6. After going through the impugned judgment including the lower court records and keeping in mind the limited submissions of the learned counsel for the petitioner and also the scope of revision jurisdiction, I am not inclined to interfere with the finding of the courts below and as such the judgment of conviction passed by the learned trial court and upheld by the learned appellate court is, hereby, sustained.

7. However, so far as sentence is concerned, it is apparent from record that the incident is of the year 1987 and about 35 years have elapsed and the petitioner must have suffered the rigors of litigation for the last 35 years. It is not stated that the petitioner has ever misused the

privilege of bail and he also remained in custody for 97 days.

8. In a situation of this nature, I am of the opinion that no fruitful purpose would be served by sending the petitioner/convict back to prison; rather interest of justice would be sufficed if the sentence is modified in lieu of fine.

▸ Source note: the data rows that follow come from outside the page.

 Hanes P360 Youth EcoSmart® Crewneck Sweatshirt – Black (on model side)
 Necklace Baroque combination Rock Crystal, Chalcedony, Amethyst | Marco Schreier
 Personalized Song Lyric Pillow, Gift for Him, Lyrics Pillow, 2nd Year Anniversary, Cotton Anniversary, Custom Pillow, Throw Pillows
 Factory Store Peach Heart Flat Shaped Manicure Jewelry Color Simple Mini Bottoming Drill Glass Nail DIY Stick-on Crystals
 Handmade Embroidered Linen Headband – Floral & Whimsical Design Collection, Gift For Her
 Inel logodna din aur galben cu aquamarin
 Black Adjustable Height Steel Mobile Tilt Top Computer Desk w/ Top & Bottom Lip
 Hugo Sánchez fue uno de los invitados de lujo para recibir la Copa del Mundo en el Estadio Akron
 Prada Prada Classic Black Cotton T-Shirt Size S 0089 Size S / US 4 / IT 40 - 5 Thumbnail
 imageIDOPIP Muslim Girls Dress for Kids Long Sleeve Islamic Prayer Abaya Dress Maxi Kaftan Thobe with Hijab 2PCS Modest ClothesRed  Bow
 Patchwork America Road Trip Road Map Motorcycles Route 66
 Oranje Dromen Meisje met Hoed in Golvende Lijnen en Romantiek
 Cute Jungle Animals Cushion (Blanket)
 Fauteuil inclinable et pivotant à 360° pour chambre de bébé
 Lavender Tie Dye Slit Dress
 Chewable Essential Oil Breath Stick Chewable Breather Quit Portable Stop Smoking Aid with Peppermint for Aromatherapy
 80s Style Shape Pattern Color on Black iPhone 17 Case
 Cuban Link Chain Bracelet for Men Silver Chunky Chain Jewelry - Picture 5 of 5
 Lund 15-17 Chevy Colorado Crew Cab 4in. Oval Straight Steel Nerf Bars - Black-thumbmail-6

9. Thus, the sentence passed by the trial court and upheld by the appellate court is, hereby, modified to the extent that the petitioner is sentenced to undergo for the period already undergone, subject to the payment of fine of Rs. 10,000/-.

10. It is made clear that petitioner shall pay the aforesaid fine within a period of 4 months from today before the court below, Gumla; failing which he shall serve rest of the sentence as ordered by the learned Court below.

11. With the aforesaid observations, directions and modification in sentence only, the instant criminal revision application is disposed of.

12. The petitioner shall be discharged from the liability of his bail bond, subject to fulfillment of aforesaid condition.

13. Let a copy of this order be communicated to the court below and also to the petitioner through the officer- in-charge of concerned police station.

14. Let the lower court record be sent to the court concerned forthwith.